**AVAILABLE DATA:**
-*-*-
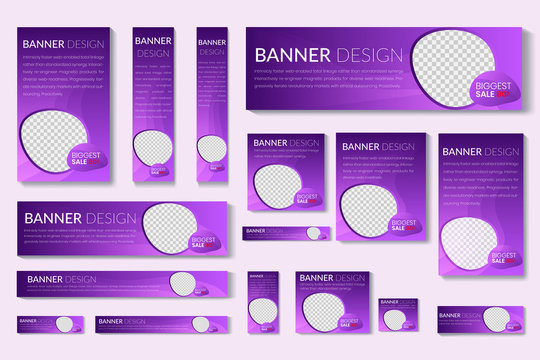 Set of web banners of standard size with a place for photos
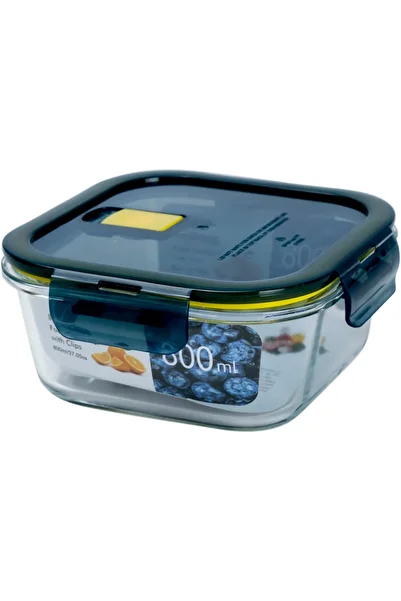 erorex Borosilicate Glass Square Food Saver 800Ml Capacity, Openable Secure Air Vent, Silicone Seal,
-*-*-
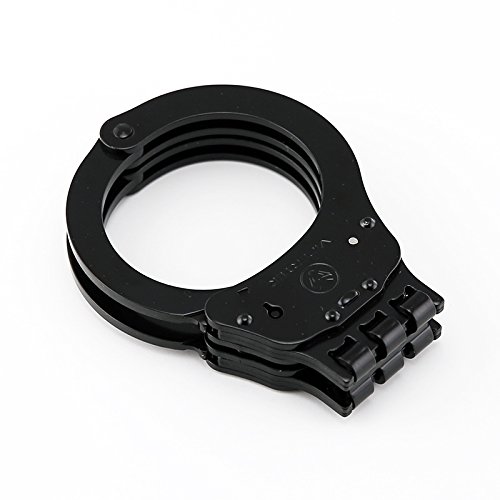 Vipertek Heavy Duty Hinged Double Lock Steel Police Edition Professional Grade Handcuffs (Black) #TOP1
-*-*-
**WHAT YOU HAVE TO DO:** In the records above, find the line with "Set of web banners" and the line with "erorex Borosilicate Glass", then restate word for word only those two lines and all lines between, omitting pictures.

**ANSWER BOX:**
 Set of web banners of standard size with a place for photos
 erorex Borosilicate Glass Square Food Saver 800Ml Capacity, Openable Secure Air Vent, Silicone Seal,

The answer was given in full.